Why not begin with my favorite Cars album, Panorama? The Cars’ third album was their most challenging, mostly jettisoning the band’s trademark happy skip/shuffle Crickets bounce and peppy melodies for a darker, more aggressive tone. Gone were the handclaps and shiny background singalongs, replaced by David Robinson’s increasingly synth-aided drums (by Heartbeat City he’d be drummer in name only) and Greg Hawkes’ menacing keyboards while Elliot Easton’s always-innovative guitar solos and Ric Ocasek’s Iggy Pop meets Buddy Holly vocal theatrics stayed pretty much the same, with a few minor tweaks.
Ocasek’s lyrics for the Cars can mostly be pared down to a one sentence logline – Ric wants something he can’t have, whether it’s affection, a girl, acceptance, etc. I mean, just look at some of the opening lines on most of the songs on Panorama:
I’m gonna get what’s comin’ to me
All I need is what you got
I wanna shake like Liguardia
It’s my party, you can come(well, consider the song’s title, “Don’t Tell Me No”)
Do you have to be so hard to get?
Ric definitely stuck to a theme with the Cars – that would change after this album. But we’re getting ahead of ourselves…
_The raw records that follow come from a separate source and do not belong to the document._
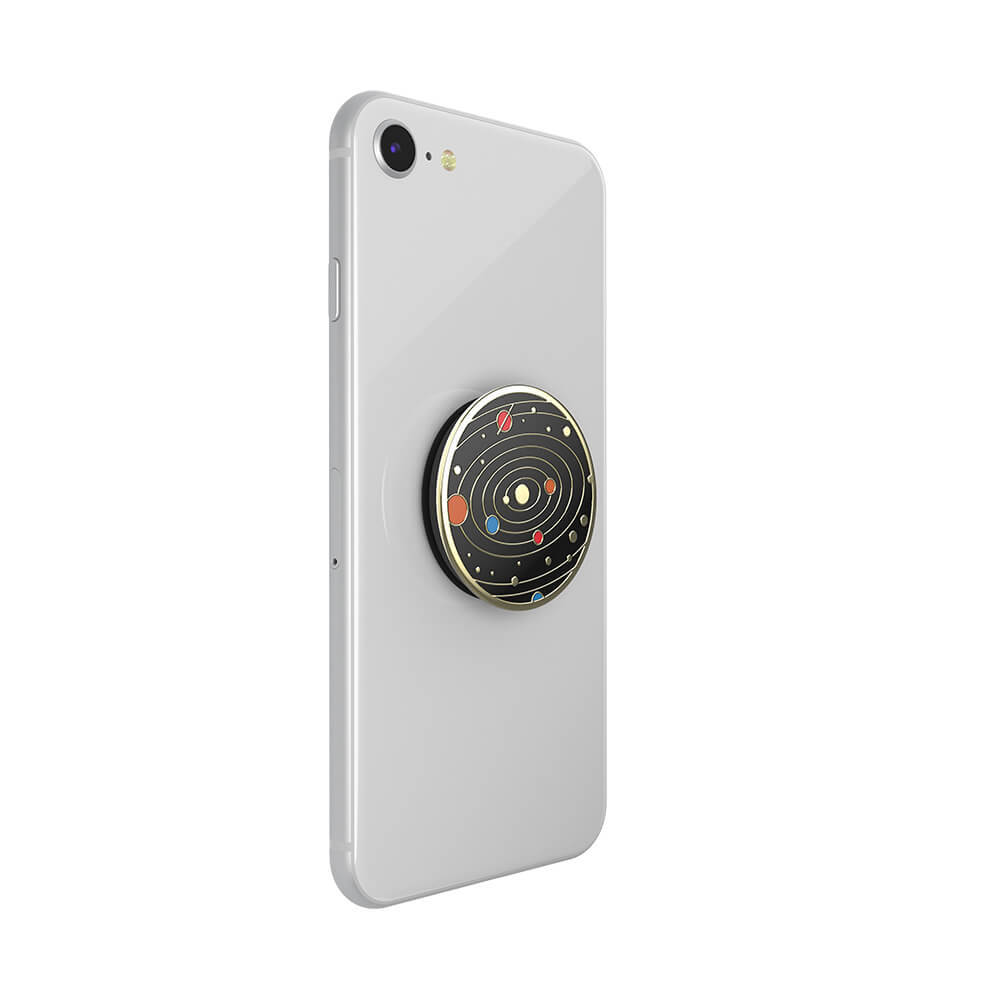 PopSockets PopSockets Avtagbart Grip med Stllfunktion Premium Enamel Solar flare - Teknikhallen.se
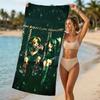Beach Towel with Cartoon Z-Zeldas Pattern - soft,absorbent,machine washable Lightweight&Modern,swimming,Travel Essentials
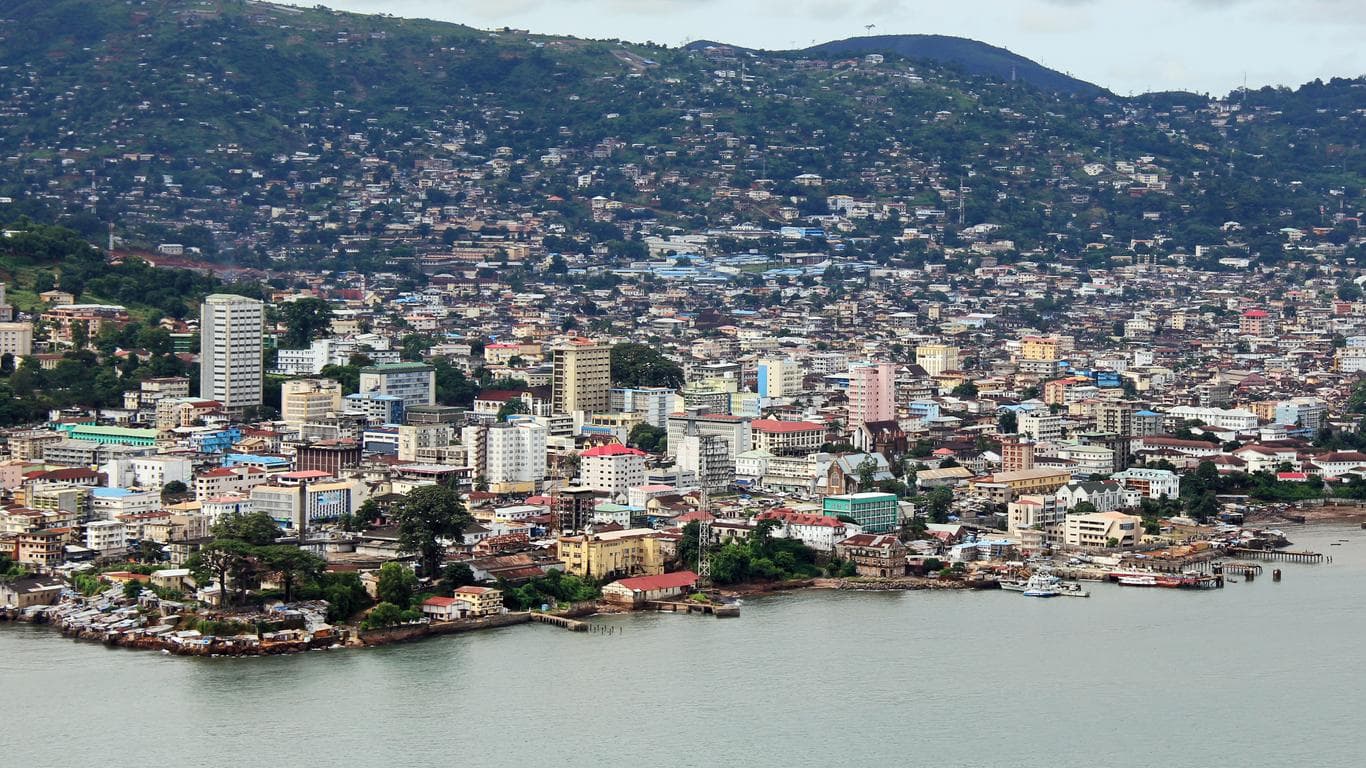Paysage de Sierra Leone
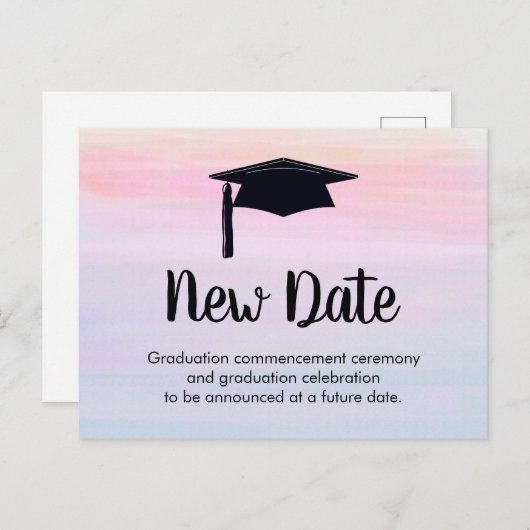 Neuer Abschluss Aufschub Postkarte (Vorne/Hinten)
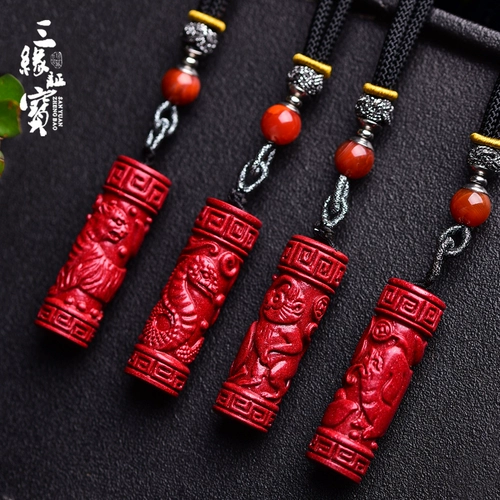 Подвеска, ожерелье, цвета киновари, 2024 года, китайский гороскоп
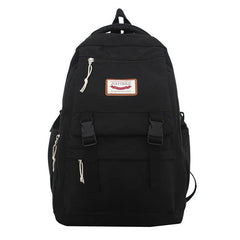 Preppy Style Student Bookbag Casual Nylon Travel School Bag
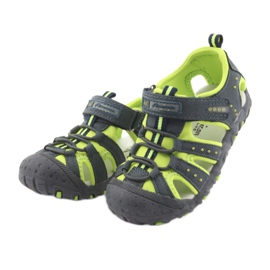 American Club DR11 Klettsandalen für Jungen grün marineblau 3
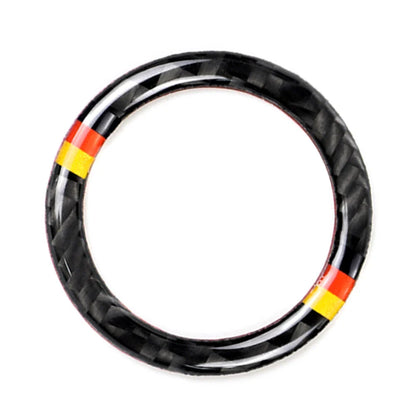 Carbon Fiber Engine Start Stop Button Ring Cover for Mercedes-Benz A B C GLC GLA (2013-2023)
Panorama’s first single, “Touch & Go” was a perfect summation of this theme, but its start/stop faux reggae beat prevented it from reaching any higher on the charts than a puny #37. Two follow-up singles, “Don’t Tell Me No” and “Gimmie Some Slack” failed to chart. But the album’s true teasures are its bookends, the fantastic opening title track and the album’s closer, “Up And Down”.
“Up And Down” is one of those shoulda-been tracks that had the potential to be an AOR monster, alongside “Moving In Stereo” and “Bye Bye Love”. But alas, it was not meant to be, as Panorama eventually faltered, leaving the Cars shaken up (har), wondering what the next move would be.
But first, Ocasek had a few things to get off his chest. We’ll deal with that tomorrow.
“Panorama” and “Up And Down” were not released as singles.